Well, I won't keep you in suspense: The first games with a pause function were Hockey and Tennis, the games built into the Fairchild Channel F, released in 1976, predating the Atari 2600 and the "big three" home computers of 1977.2 One of the four multi-function buttons on the console was a pause (or "HOLD") button designed to allow you to adjust the game options even in the middle of the action.

Need to take a break? Simply press the Hold/10 min/3/Game 3 button.

That's right, the Channel F, the first console with changeable game cartridges, the first one to use a microprocessor, the first one to offer player-versus-computer head-to-head games, the first one to offer color graphics;3 it was also the first one forward-thinking enough to allow the player(s) to pause the game. And Jerry Lawson, unsung hero of video games, was the mastermind.

The next console to offer a dedicated pause function, as far as I can tell, was the Intellivision in 1979. Its weird keypad-based controller allowed it to use a button combination (1+9 or 3+7, i.e. any two opposite corners of the grid) to enable "Intermission Mode". Interestingly, this seems to have been in response to an FTC complaint about CRT burn-in. The intermission mode wouldn't just pause the game, it would also blank the image, turning the entire screen the background color of the current game until unpaused. You can read an internal memo about the development of this feature at papaintellivision.com (PDF), a site dedicated to the memory of David Chandler, another unsung hero: the inventor of the screen saver.4

Remember, whatever technology we take for granted today, whatever seems obvious and inevitable in hindsight, someone had to have been the first person to think to do it. Many of these names are unknown to us. We owe it to people like Jerry Lawson and David Chandler to remember them and their contributions. The system likes to attribute all progress to the system, or a corporation blessed by the system, or a single mythical visionary leader recruited to represent the system. But real change comes from people like us, people with the power to think that maybe things can be different. We must remember the ones who did, and we must never let them take that from us.


  1. Secret Quest, an extremely late 2600 offering (released in 1989, after the second and third-generation Atari consoles were out!) cleverly repurposed the vestigial COLOR/B&W switch to bring up a sub-screen, pausing the main action of the game. As far as I know, it's the only one. 

  2. The Atari 2600, the Apple ][, the Tandy TRS-80 and the Commodore PET all debuted in 1977. It was a crazy year. 

  3. As far as I can tell, anyway?
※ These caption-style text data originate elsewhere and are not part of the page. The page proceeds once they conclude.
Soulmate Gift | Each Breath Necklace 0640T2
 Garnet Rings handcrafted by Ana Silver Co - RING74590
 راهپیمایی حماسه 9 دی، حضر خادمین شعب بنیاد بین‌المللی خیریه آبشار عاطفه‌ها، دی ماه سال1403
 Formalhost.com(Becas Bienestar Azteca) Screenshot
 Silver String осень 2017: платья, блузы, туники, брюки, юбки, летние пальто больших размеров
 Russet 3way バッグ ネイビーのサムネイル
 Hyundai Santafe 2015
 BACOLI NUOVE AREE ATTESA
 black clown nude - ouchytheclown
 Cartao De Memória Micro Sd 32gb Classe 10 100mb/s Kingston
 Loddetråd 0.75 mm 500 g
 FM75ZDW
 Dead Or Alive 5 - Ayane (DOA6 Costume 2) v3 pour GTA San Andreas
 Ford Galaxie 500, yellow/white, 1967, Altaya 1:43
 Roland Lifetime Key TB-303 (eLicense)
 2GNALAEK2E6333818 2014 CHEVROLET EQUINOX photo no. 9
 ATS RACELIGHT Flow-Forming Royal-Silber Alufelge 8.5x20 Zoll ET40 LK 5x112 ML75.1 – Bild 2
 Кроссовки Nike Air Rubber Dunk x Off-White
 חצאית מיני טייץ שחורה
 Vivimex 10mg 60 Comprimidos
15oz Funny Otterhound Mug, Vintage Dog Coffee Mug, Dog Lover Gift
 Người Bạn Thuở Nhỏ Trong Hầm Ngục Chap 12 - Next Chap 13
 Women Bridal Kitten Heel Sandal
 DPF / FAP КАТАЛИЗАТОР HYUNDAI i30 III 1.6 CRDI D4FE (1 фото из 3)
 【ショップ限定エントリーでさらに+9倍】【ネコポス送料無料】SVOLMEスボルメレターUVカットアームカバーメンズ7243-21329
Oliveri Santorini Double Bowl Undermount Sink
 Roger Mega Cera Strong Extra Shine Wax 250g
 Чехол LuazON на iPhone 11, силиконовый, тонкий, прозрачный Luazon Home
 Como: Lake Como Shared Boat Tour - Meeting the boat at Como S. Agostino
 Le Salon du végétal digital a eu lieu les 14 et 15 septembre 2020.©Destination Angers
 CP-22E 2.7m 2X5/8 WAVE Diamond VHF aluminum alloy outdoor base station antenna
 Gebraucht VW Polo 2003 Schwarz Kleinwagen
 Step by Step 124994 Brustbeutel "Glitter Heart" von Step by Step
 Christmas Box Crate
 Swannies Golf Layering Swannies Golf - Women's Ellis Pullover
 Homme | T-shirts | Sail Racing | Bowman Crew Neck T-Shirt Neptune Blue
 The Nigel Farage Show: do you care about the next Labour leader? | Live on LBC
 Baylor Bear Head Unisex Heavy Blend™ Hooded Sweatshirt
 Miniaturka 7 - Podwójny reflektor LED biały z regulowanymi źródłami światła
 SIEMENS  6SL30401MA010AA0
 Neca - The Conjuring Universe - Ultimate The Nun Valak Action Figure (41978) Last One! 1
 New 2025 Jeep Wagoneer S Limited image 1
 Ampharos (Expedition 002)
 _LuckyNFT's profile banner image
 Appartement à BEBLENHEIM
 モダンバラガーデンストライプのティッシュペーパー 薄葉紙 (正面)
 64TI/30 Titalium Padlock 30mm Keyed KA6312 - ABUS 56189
Every home console before the Channel F was Pong or a Pong clone,5 and none of them seemed to offer color outside of plastic overlays you could stick on your TV; but there were literally a thousand of these consoles and they're almost impossible to differentiate. If you know of one that offered color prior to 1976, please let me know. 

  4. Among many other accomplishments. If you're into video game history, take some time to peruse papaintellivision.com, it's a fascinating archive. 

  5. But since Atari just copied a game on the Magnavox Odyssey, maybe we should call them Table Tennis clones.